AP Photo / Abdeljalil BounharA health screening worker shows the way to passengers at the arrivals hall of an airport.
The US will begin requiring travelers from three countries in West Africa to arrive at one of five airports, USA Today reports.
Anyone traveling to the US from Liberia, Sierra Leone, or Guinea will be required to arrive at Washington’s Dulles, Chicago’s O’Hare, New Jersey’s Newark, New York’s John F. Kennedy, or Atlanta’s Hartsfield-Jackson airports.
About 150 people per day arrive in the US from these countries, and 94% of them were already coming through these airports, according to USA Today.
The Centers for Disease Control and Prevention will send extra staff to these five airports to help with the screening of passengers entering the country, according to a press release from the agency.
The government has come under increasing pressure to contain Ebola in the US after a man contracted the disease in Liberia and flew to the US before showing any symptoms.
“We work to continuously increase the safety of Americans,” CDC Director Tom Frieden said in a press release. “We believe these new measures will further protect the health of Americans, understanding that nothing we can do will get us to absolute zero risk until we end the Ebola epidemic in West Africa.”
Ebola has hit Liberia, Sierra Leone, and Guinea the hardest. The deadly virus is still far from being contained in these countries, and thousands of people have fallen ill already.
All travelers coming into the US from those three countries will be taken aside for screening, during which staff will observe them for signs of illness, ask them a series of health and exposure questions, and take their temperature, according to the CDC release.
If the traveler is thought to require further evaluation, he or she will be referred to a public health authority.

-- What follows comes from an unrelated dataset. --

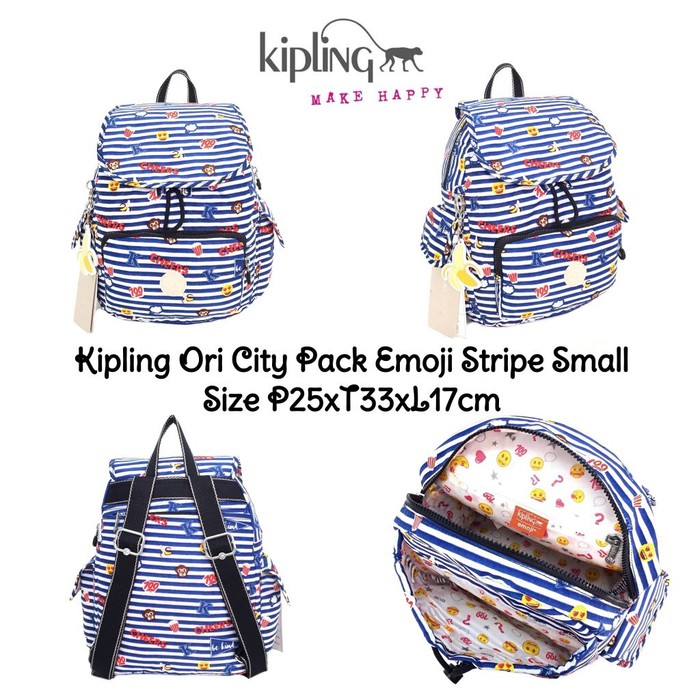 Tas Kipling Grade ORI City Pack Emoji Stripe Backpack Ransel Wanita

This screening process in the US will serve as a second layer of protection. Liberia, Sierra Leone, and Guinea already do exit screenings for people leaving those countries.
From the CDC:
In the last two months since exit screening began in the three countries, of 36,000 people screened, 77 people were denied boarding a flight because of the health screening process. None of the 77 passengers were diagnosed with Ebola and many were diagnosed as ill with malaria, a disease common in West Africa, transmitted by mosquitoes and not contagious from one person to another.
Two people have contracted Ebola in the US, both of whom are nurses who cared for Thomas Eric Duncan. He came to the US for a visit and became sick shortly after he arrived. Duncan died earlier this month.